You've made a start by stating what you feel right now: You feel alone and fearful for the future. Loneliness and fear. Loneliness and fear. You can use your loneliness and fear like a life raft, to float out to the middle of the lake and find the rest of your feelings.
Let me just make one or two examples. Fear of the future, for example, is something many people feel. One way to combat it is to become more vividly conscious of the present. When I am feeling fear about the future, for instance, sometimes I will sit down in a quiet, sunny place and just breathe through my nose for a while. It might sound silly, but I find if I sit still for a few minutes and just breathe, say, for 10 minutes, I start to notice what is around me; I start to look at the leaves on a flowering shrub, say, or the birds wheeling by high overhead, or the branches of an old tree, and these things seem to grow in significance and power, as though they, and not my worries, were what is real. I find after a while that I am no longer focused on whatever calamities may await me in the future.
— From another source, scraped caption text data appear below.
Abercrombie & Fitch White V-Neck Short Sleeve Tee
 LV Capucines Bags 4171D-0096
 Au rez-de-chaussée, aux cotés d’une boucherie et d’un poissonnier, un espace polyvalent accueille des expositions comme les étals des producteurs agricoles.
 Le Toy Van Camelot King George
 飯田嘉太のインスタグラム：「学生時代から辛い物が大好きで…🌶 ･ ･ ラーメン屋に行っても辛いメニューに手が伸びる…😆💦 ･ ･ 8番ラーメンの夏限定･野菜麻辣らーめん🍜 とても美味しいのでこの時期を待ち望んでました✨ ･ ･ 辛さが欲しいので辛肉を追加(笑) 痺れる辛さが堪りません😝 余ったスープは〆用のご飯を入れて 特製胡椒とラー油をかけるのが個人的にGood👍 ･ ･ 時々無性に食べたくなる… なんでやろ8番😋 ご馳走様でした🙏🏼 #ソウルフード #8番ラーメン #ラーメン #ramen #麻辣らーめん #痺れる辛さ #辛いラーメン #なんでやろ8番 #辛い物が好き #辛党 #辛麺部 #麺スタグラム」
When it is over and I am forced to return to what I am doing -- writing, for instance, or cleaning the house -- even though I experience a little sense of regret, as though coming down off a drug, I have still benefited from that brief time of vivid presence, and my confidence in the future is restored because I know I can return to that state of luminous, calm optimism merely by repeating that simple technique of sitting still and breathing.
Loneliness is something else again. While anxiety about the future is a mental state that can be changed by changing the focus of consciousness, loneliness is a real hunger. No matter how you think about it, you're still hungry. Loneliness can and ought to be fed, so be with someone. I know in a way that not just anyone will do, but sometimes you have to make do; you might not be able to eat exactly the meal you want; nonetheless, when you're hungry, you have to eat something.
When you say "lonely," though, I sense you are also saying that you are grieving for the loss of your wife and daughter. That is something different; being with people won't cure you of grief. Only grieving cures grief, and even that is not entirely true: To say that grieving cures grief is like saying living cures life. It's just the verb of the noun. It's just that grieving is what you do with grief, as breathing is what you do with breath, as bleeding is what you do with blood.
If you are lonely, go and be among people. If you are grieving, grieve. See a doctor and find out if you are clinically depressed. Make a detailed survey of your landscape. These are my prescriptions for you, my shocked and bereft expatriate.